Ekrixinatosaurus was found in the red beds of the Candeleros Formation, which has yielded a wide variety of vertebrates. It shared its environment with the titanosaurian sauropod Andesaurus and the rebbachisaurid sauropods Limaysaurus and Nopcsaspondylus. Iguanodont ornithischian remains have reportedly also been found. The carcharodontosaurid Giganotosaurus was possibly the apex predator. Smaller predators also inhabited the area, including the dromaeosaurid Buitreraptor, the alvarezsauroid Alnashetri, and the basal coelurosaurian Bicentenaria. Other primitive reptiles lived in the area, such as the primitive snake Najash, the crocodile Araripesuchus, along with turtles, fish, pipid frogs and mammals. Pterosaurs also lived in the area, as evidenced by pterosaur tracks. A wide variety of dinosaur trackways have also been found in the Candeleros Formation, suggesting significant activity in the area.

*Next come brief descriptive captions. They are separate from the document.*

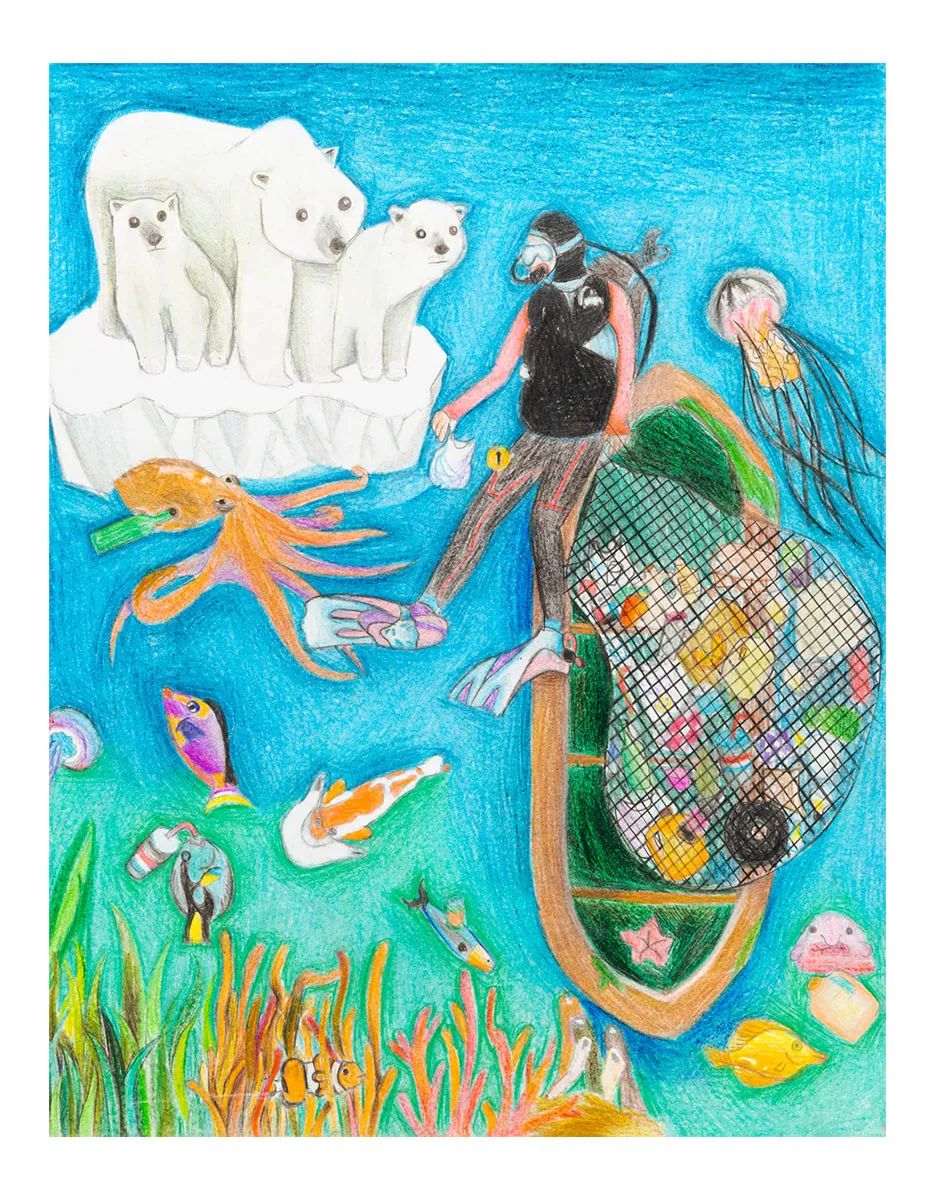 JQA国际环境儿童绘画大赛作品 减少垃圾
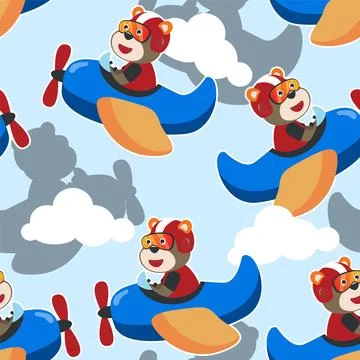 Seamless pattern vector of cute bear flying in airplane cartoon hand drawn Stock Illustration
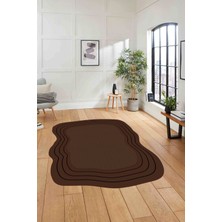 Napoli Home Dijital Lazer Kesim Dekoratif Yıkanabilir Kaymaz Yolluk Mutfak Salon Halısı, Lazer-42-Kahve,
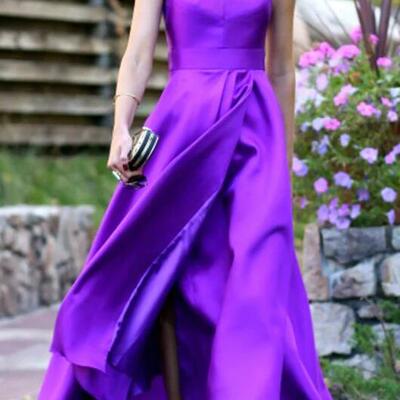 Spaghetti straps purple tea length satin prom dresses - Thumbnail 2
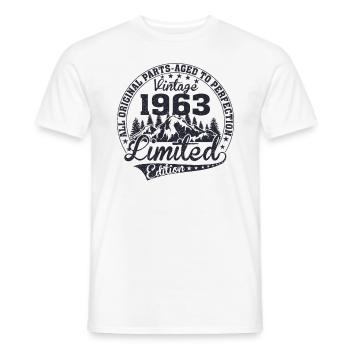 Né en 1963 Toutes les pièces originales Cadeau rétro - T-shirt homme - blanc - Devant - AI Model Male 178 dark (178cm)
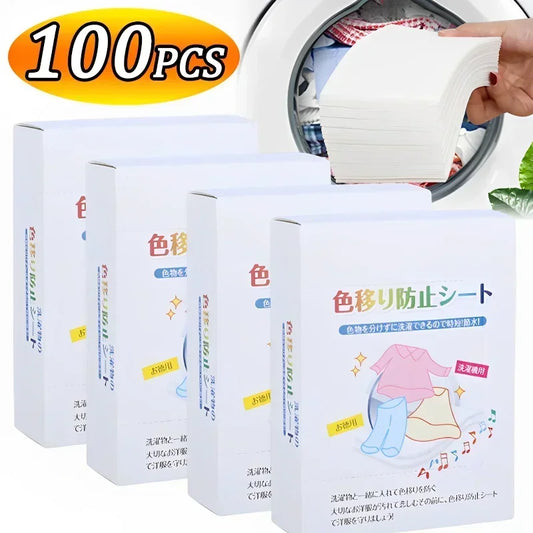 Laundry Tablets 100/30PCS | Anti-Staining Sheets for Clothes | Color-Safe Laundry Soap | Cleaning Supplies Detergent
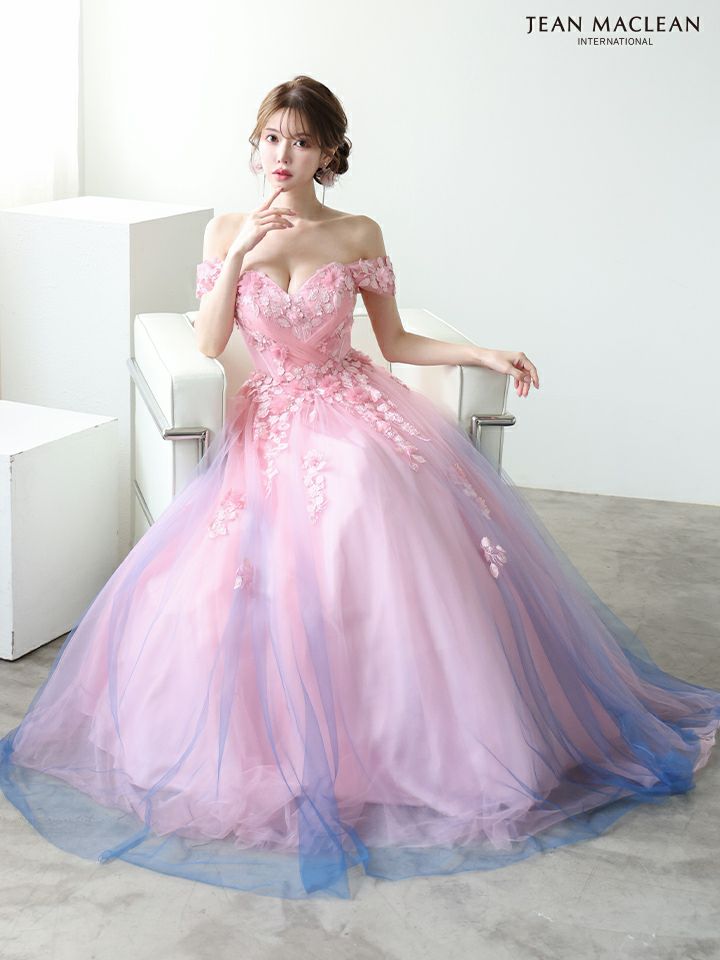 JEAN MACLEAN ジャンマクレーン *YOZAKURA DRESS*-夜桜- グラデーション/フラワーモチーフ/オフショル/姫/ロングドレス  ja51954-c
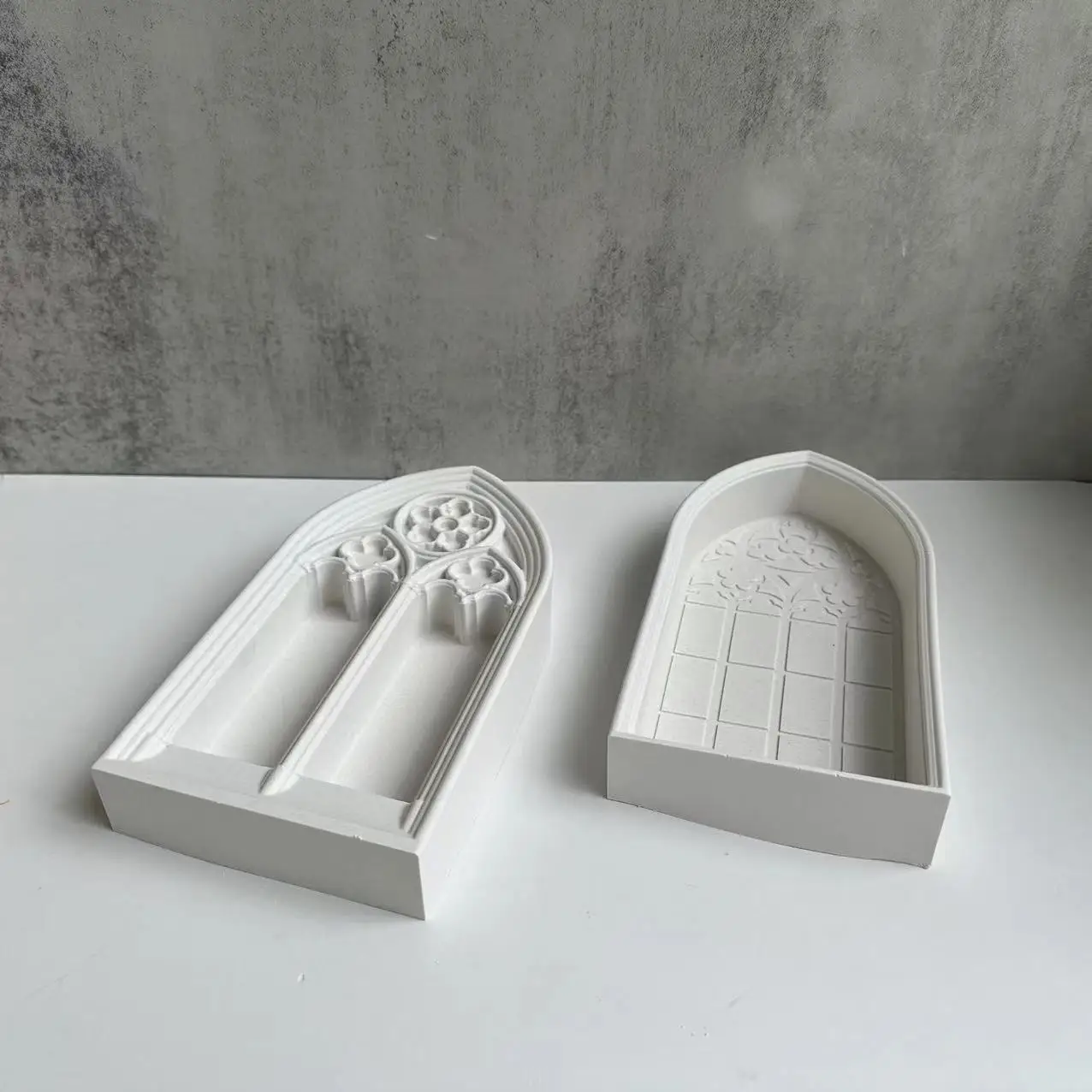 Church Window Silicone Mold Cabinet Storage Box Crystal Epoxy Resin Mould Jewelry Display Holder Tray Dish Mold DIY Casting Tool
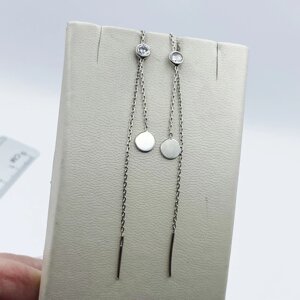 Сережки- протяжки срібні з кубічним цирконієм "Монетки" 1,07 г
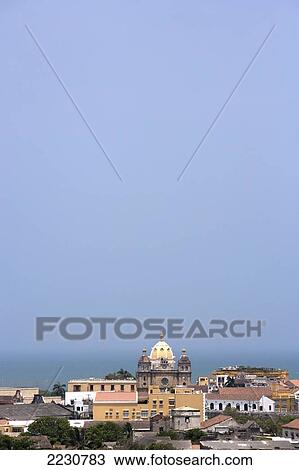Stock Image - View From The Fort - Castillo De San Felipe De Barajas, Towards The Old Walled City, Cartagena, Colombia.. Fotosearch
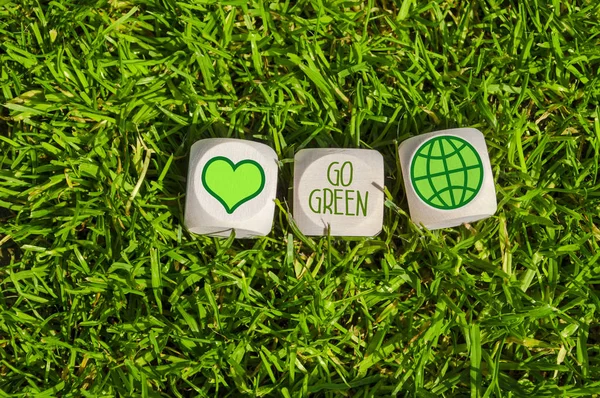 Кубики Кубики Чорні Крейдяні Дошки Врятуйте Нашу Планету Йдіть Зеленим — стокове фото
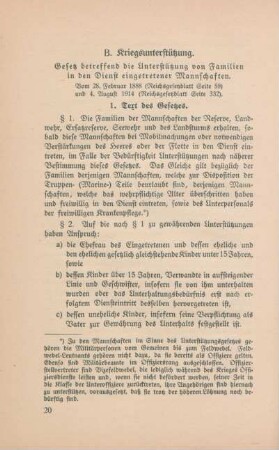 B. Kriegsunterstützung
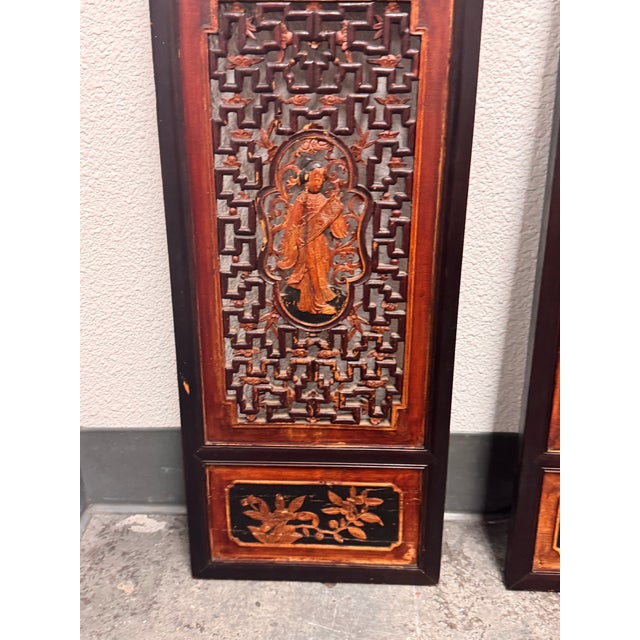 Antique Chinese Carved Wood Window Panels, Pair For Sale In San Francisco - Image 6 of 12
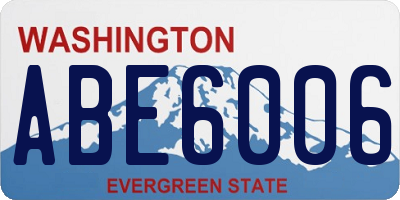 WA license plate ABE6006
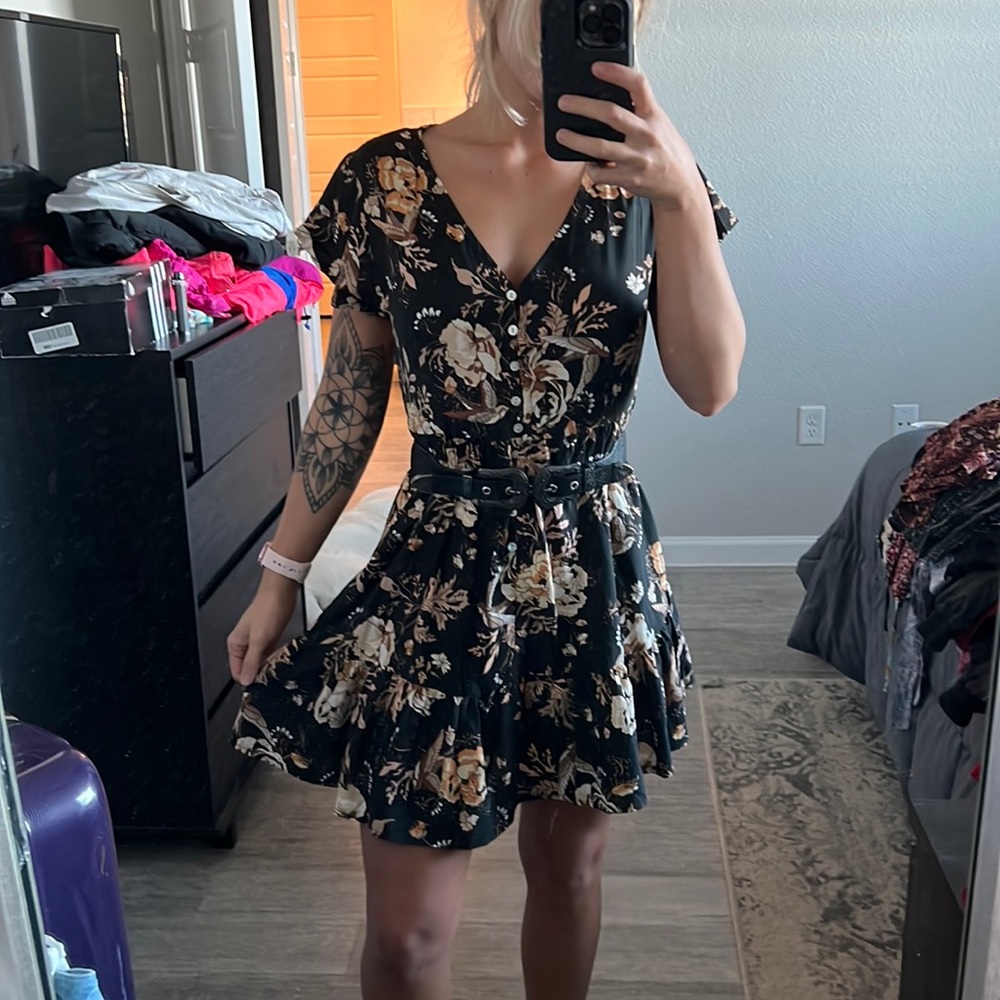 Cute Flora Print Dress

Recent studies on Gondwanan theropods have interpreted abelisauroids as modest and medium-sized dinosaurs that co-occurred with giant carcharodontosaurids during the Early and early Late Cretaceous. It has been hypothesized that it was only after extinction of these carcharodontosaurids that abelisaurids were able to diversify into more robust forms that occupied the niche of top predators of their ecosystems. However, it has been observed that both Giganotosaurus and Ekrixinatosaurus were among the largest of their respective clades yet existed at the same time, which refutes this hypothesis. Both these animals occupied the role of the largest carnivores; however, it is uncertain whether they played different ecological roles (such as active predation vs. scavenging). In addition, the known distribution of abelisaurids in South America, Madagascar and India brings the hypothesis of a dispersion route between these areas by a terrestrial bridge called the Kerguelen Plateau that formed prior to the separation of Africa and South America.